Getting sued can profoundly disrupt your life, even if you win. Much of the time, people on the receiving end of legal threats are forced to settle because they can’t afford to defend themselves in court. There's a whole cottage industry of legal bullies who’ll help the thin-skinned, vindictive and deep-pocketed to silence their critics.

That’s why we were so alarmed to see a bill introduced in the House Energy and Commerce Committee that would sunset Section 230 as of December 31, 2025, with no provision to protect online service providers from being conscripted into their users’ online disputes and the legal battles that arise from them.

Homely places on the internet aren’t just a curiosity anymore, nor are they merely a hangover from the Web 1.0 era.

In an age of resurgent anti-monopoly activism, small online communities, either standing on their own, or joined in loose “federations,” are the best chance we have to escape Big Tech’s relentless surveillance and clumsy, unaccountable control.

Look, running online communities is already a thankless task that can convert a generous digital host into a bitter ex-online host.

The alternatives to Big Tech come from individuals, co-ops, nonprofits and startups. These cannot exist in a world where we change the law to make people who offer a space where communities may gather vulnerable to being dragged into lawsuits between their community members.

It’s one thing to volunteer your time and resources to create a hospitable place online; it’s another thing entirely to assume an uninsurable risk that could jeopardize your life’s savings, your home, and your retirement fund. Defending against a single such case can cost hundreds of thousands of dollars.

That’s very bad news indeed, because a world without Section 230 will desperately need alternatives to Big Tech.

Big Tech has deep pockets, which means that even if it creates a system of hair-trigger moderation that takes down anything remotely controversial on sight, it will still attract a staggering number of legal threats.

There’s a useful analogy here to FTX, the disgraced, fraudulent cryptocurrency exchange.
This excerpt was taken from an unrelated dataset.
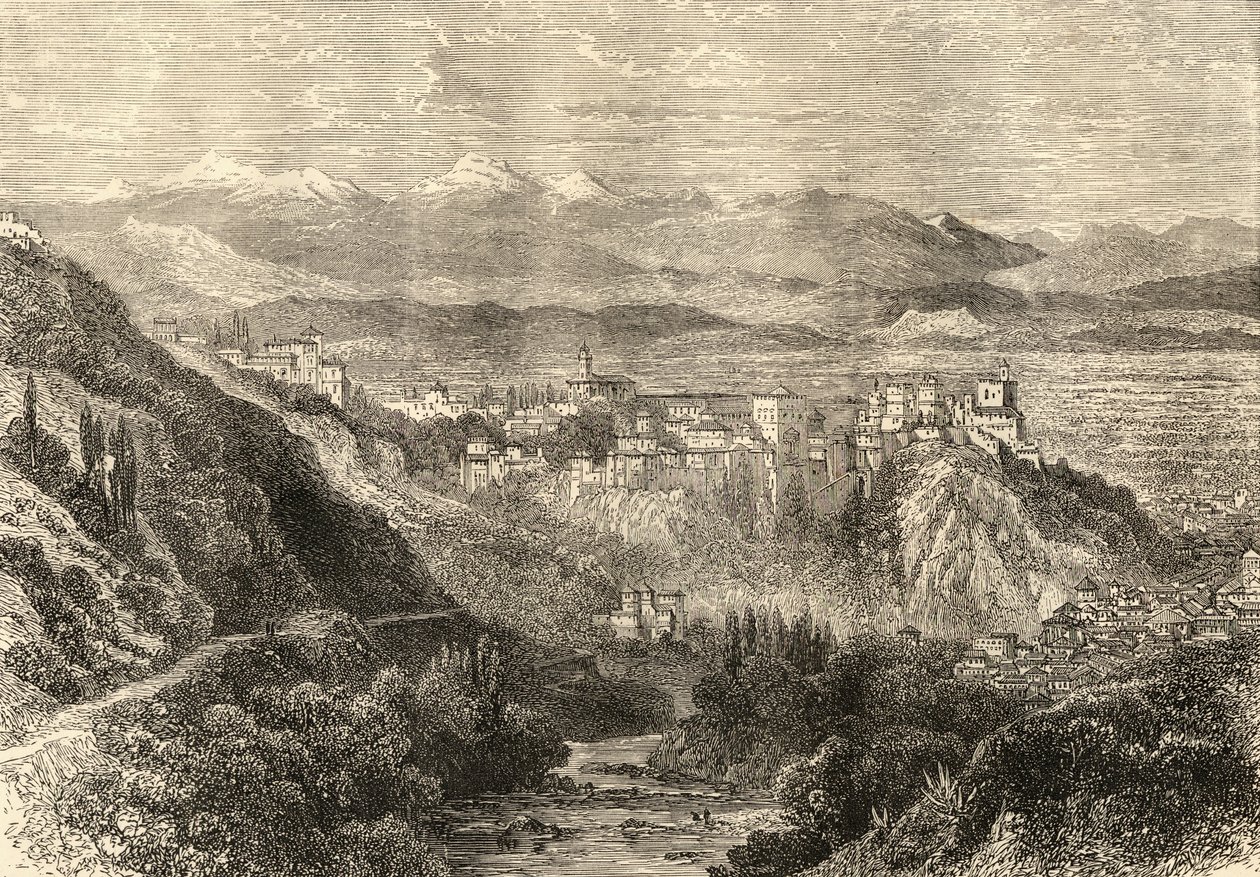 Utsikt over Granada, illustrasjon fra 
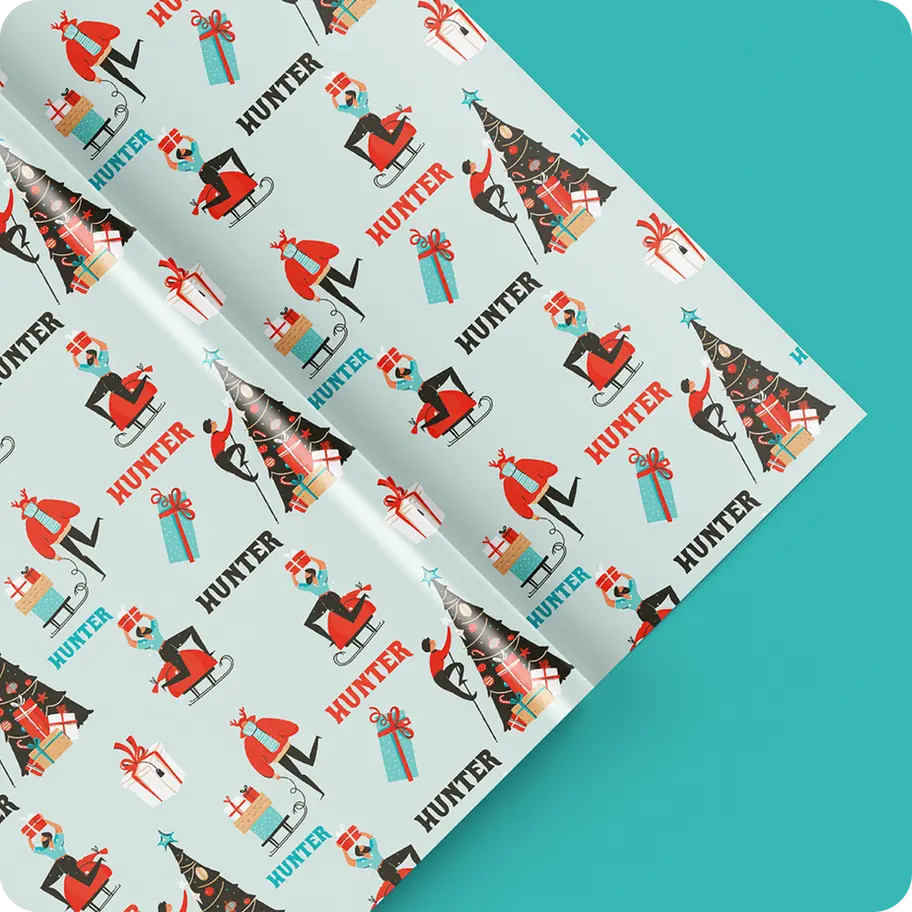 custom name forest animal holiday wrap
Like Big Tech, FTX has some genuinely aggrieved users, but FTX has also been targeted by opportunistic treasure hunters who have laid claims against the company totaling 23.6 quintillion dollars.

We know what Big Tech will do in a post-230 world, because some of us are already living in that world. Donald Trump signed SESTA-FOSTA into law in 2018. The law was billed as a narrowly targeted measure to make platforms liable for failing to intervene in cases where they were aware of human trafficking. In practice, the law has been used to indiscriminately target consensual sex work, placing sex workers in harm’s way (just as we predicted).

Without Section 230, Big Tech will shoot first, ask questions later when it comes to taking down controversial online speech (like #MeToo or Black Lives Matter). For marginalized users with little social power (again, like #MeToo or Black Lives Matter participants), Big Tech takedowns will be permanent, because Big Tech has no incentive to figure out whether it’s worth hosting their speech.

Meanwhile, for the wealthy and powerful, a post-230 world is one where dictators, war criminals, and fraudsters will have a new, powerful tool to silence their critics.

A post-230 world, in other words, is a world where Big Tech is infinitely worse for the users who already suffer most from the large platforms’ moderation failures.

But it’s also a world where it’s infinitely harder to start an alternative to Big Tech’s gigantic walled gardens.

No wonder tech billionaires support getting rid of Section 230: they understand that their overgrown, universally loathed services are vulnerable to real alternatives.

Four years ago, the Biden Administration declared that promoting competition was a whole-of-government priority (and we cheered). Getting rid of Section 230 will do the opposite: freeze the internet in its current, monopolized state, creating a world where the rule of today’s tech barons is never challenged by a more democratic, user-centric internet.